Should Jews try to assimilate? "We Jews have been too eager to sacrifice our idiosyncrasies in order to conform."

To what extent are you influenced by Christianity? "As a child I received instruction both in the Bible and in the Talmud. I am a Jew, but I am enthralled by the luminous figure of the Nazarene."

You accept the historical existence of Jesus? "Unquestionably! No one can read the Gospels without feeling the actual presence of Jesus. His personality pulsates in every word. No myth is filled with such life."

Do you believe in God? "I'm not an atheist. I don't think I can call myself a pantheist. The problem involved is too vast for our limited minds. We are in the position of a little child entering a huge library filled with books in many languages. The child knows someone must have written those books. It does not know how. It does not understand the languages in which they are written. The child dimly suspects a mysterious order in the arrangement of the books but doesn't know what it is. That, it seems to me, is the attitude of even the most intelligent human being toward God. We see the universe marvelously arranged and obeying certain laws but only dimly understand these laws."

Is this a Jewish concept of God? "I am a determinist. I do not believe in free will. Jews believe in free will. They believe that man shapes his own life. I reject that doctrine. In that respect I am not a Jew."

Is this Spinoza's God? "I am fascinated by Spinoza's pantheism, but I admire even more his contribution to modern thought because he is the first philosopher to deal with the soul and body as one, and not two separate things."

Do you believe in immortality? "No. And one life is enough for me."

Einstein tried to express these feelings clearly, both for himself and all of those who wanted a simple answer from him about his faith. So in the summer of 1930, amid his sailing and ruminations in Caputh, he composed a credo, "What I Believe," that he recorded for a human-rights group and later published. It concluded with an explanation of what he meant when he called himself religious: "The most beautiful emotion we can experience is the mysterious. It is the fundamental emotion that stands at the cradle of all true art and science. He to whom this emotion is a stranger, who can no longer wonder and stand rapt in awe, is as good as dead, a snuffed-out candle. To sense that behind anything that can be experienced there is something that our minds cannot grasp, whose beauty and sublimity reaches us only indirectly: this is religiousness. In this sense, and in this sense only, I am a devoutly religious man."

.....

But throughout his life, Einstein was consistent in rejecting the charge that he was an atheist. "There are people who say there is no God," he told a friend. "But what makes me really angry is that they quote me for support of such views." And unlike Sigmund Freud or Bertrand Russell or George Bernard Shaw, Einstein never felt the urge to denigrate those who believed in God; instead, he tended to denigrate atheists. "What separates me from most so-called atheists is a feeling of utter humility toward the unattainable secrets of the harmony of the cosmos," he explained.
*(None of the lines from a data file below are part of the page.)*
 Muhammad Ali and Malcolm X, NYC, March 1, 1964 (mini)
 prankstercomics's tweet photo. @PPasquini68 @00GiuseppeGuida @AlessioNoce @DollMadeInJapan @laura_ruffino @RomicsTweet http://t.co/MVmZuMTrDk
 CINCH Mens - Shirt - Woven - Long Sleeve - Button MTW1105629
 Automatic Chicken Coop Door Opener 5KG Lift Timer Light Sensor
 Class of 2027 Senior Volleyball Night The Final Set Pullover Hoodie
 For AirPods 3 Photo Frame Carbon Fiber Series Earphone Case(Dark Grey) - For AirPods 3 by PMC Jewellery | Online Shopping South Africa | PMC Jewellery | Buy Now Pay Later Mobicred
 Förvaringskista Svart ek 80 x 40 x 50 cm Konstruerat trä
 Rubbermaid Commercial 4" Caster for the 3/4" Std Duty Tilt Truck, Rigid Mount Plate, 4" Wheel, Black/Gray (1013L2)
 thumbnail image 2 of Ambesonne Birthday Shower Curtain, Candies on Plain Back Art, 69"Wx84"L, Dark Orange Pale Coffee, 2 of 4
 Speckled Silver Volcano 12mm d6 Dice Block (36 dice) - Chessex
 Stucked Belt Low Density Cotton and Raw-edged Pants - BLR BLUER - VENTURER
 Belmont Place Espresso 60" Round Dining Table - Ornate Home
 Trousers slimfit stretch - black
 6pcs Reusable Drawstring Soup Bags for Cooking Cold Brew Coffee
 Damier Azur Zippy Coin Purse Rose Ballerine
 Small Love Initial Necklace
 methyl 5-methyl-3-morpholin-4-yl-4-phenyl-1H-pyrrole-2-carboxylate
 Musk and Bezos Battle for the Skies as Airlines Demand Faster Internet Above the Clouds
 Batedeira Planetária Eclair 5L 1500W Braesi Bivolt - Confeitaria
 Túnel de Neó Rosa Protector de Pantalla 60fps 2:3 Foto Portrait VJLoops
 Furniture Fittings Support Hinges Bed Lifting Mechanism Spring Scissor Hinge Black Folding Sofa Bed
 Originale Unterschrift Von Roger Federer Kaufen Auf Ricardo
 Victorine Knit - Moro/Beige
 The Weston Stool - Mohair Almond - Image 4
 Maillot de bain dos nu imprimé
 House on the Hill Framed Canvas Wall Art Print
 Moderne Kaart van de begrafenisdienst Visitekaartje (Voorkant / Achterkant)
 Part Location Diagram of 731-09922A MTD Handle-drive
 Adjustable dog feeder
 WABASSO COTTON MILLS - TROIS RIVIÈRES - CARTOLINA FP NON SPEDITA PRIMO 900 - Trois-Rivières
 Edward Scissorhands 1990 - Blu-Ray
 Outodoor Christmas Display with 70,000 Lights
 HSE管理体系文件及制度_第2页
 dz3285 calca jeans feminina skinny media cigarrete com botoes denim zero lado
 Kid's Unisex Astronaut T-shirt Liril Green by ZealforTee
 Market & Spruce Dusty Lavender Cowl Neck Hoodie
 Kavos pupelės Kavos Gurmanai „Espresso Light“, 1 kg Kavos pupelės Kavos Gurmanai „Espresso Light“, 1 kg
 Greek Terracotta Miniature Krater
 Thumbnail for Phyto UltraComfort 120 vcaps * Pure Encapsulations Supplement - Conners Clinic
In fact, Einstein tended to be more critical of debunkers, who seemed to lack humility or a sense of awe, than of the faithful. "The fanatical atheists," he wrote in a letter, "are like slaves who are still feeling the weight of their chains which they have thrown off after hard struggle. They are creatures who--in their grudge against traditional religion as the 'opium of the masses'-- cannot hear the music of the spheres."

Einstein later explained his view of the relationship between science and religion at a conference at the Union Theological Seminary in New York. The realm of science, he said, was to ascertain what was the case, but not evaluate human thoughts and actions about what should be the case. Religion had the reverse mandate. Yet the endeavors worked together at times. "Science can be created only by those who are thoroughly imbued with the aspiration toward truth and understanding," he said. "This source of feeling, however, springs from the sphere of religion." The talk got front-page news coverage, and his pithy conclusion became famous. "The situation may be expressed by an image: science without religion is lame, religion without science is blind."